How do I Compare Two Columns in MS Excel?

By Sonia Waring

Excel provides several ways to compare values in two spreadsheet columns. You can highlight cells that are the same, or write a simple formula to compare the cells column by column. Either method can give you a clear visual indication of which cells are the same, or in case of numerical values, which cells are greater than, less than or equal to any others.
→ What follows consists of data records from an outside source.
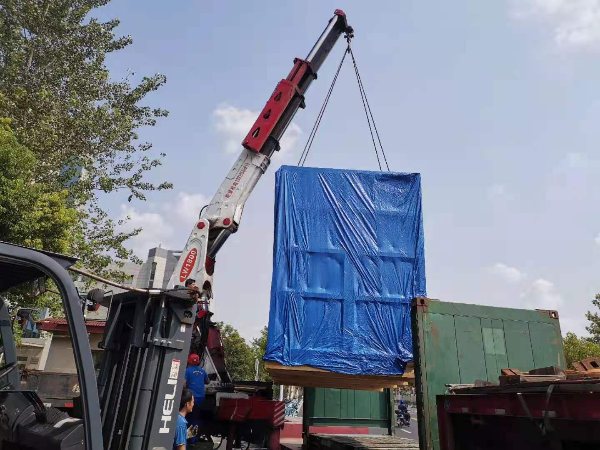 如何選擇機械設(shè)備裝卸廠家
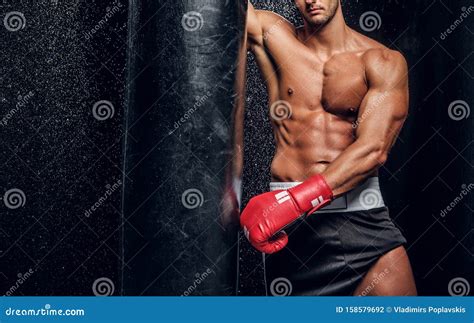 Hombre Muscular Caliente Con Torso Desnudo Y Bolsa De Punteo Foto De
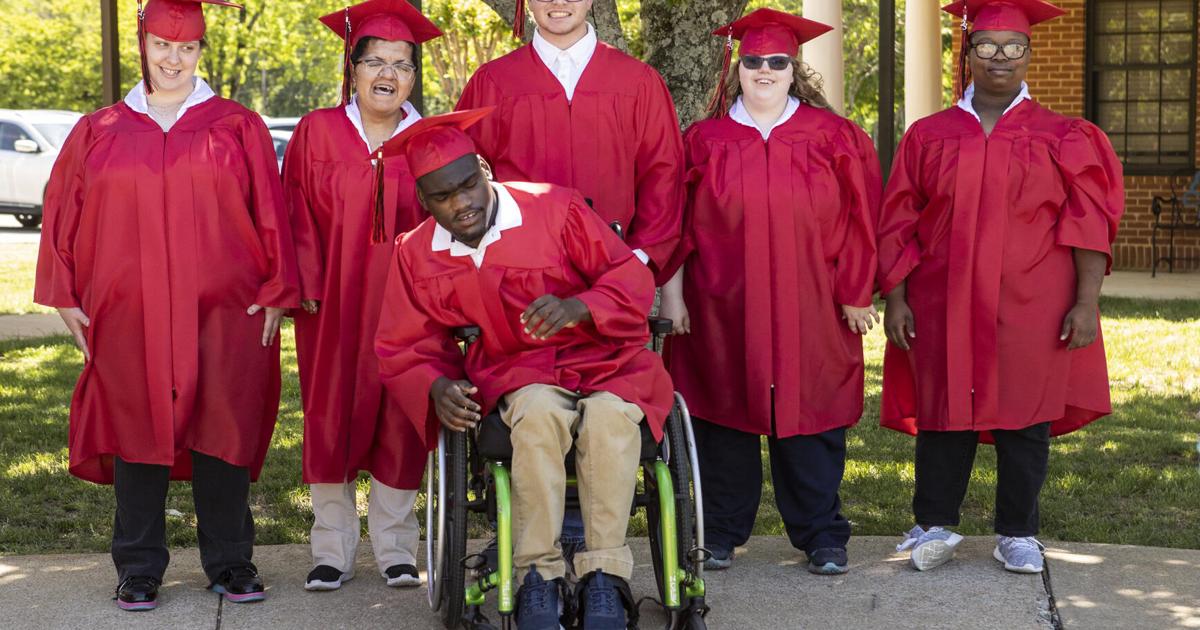 Dora Graduated Dora native a Helen Keller School graduate | News | mountaineagle.com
Conditional Formatting to Locate Duplicate Values

Step 1

Highlight the two columns you want to compare.

Step 2

Click the "Conditional Formatting" drop-down menu in the Home tab.

Step 3

Click "Highlight Cell Rules," then "More Rules...."

Step 4

Click "Format only unique or duplicate values" and choose whether to format all duplicate or all unique values in the drop-down menu labeled "Format all:".

Step 5

Click the "Format" button and set the font, border, and fill options to change the look of the cells you specified. Click "OK" to apply the conditional formatting.

Formula to Compare Values

Step 1

Choose a blank cell in a third column to compose a comparison formula. If your data begins in cells A1 and B1, use C1 for the first formula cell.

Step 2

Type an IF formula, which begins "=IF". Consider whether you want to compare the value in A1 to the value in B1 or whether you want to indicate if they are equal, or not equal.

Step 3

Add parentheses and a simple equation to the IF formula. If you want a visual indication that B1 is greater than A1, type "(A1B1)". If you want to know whether the cells are the same, type "(A1=B1)"; different, type "(A1<>B1)".

Step 4

Add a comma after the simple equation, inside the parentheses, to tell Excel you're finished with the "if" part of the formula.

Step 5

Move on to the "then" part of the statement. IF functions contain three parts. The first part the condition -- for example, A1>B1. The second part is the cell value if the condition is met -- the "true" value, if A1 is greater than B1. The third part is the cell value if the condition isn't met -- the "false" value, if A1 isn't greater than B1. Type "Greater", with the quotation marks, after the comma -- or substitute another word, whatever you want to see to indicate the comparison. Type another comma, then "Less than", again with quotes, and close the parentheses -- or, again, substitute another word. Using the same example, the formula now reads: =IF(A1>B1,"Greater", "Less than")Press "Enter."

Step 6

Copy the formula from C1 and paste it into C2, C3 and as far down as the A1 and B1 cells you want to compare go. As you paste the formula into each cell, it will immediately display the result of the formula for the A and B cells in that row.

Step 7

Use conditional formatting, if you want, to highlight all the true or false values in column C. The "Highlight Cell Rules" option labeled "Text that contains..." option lets you set the format for the text you specify.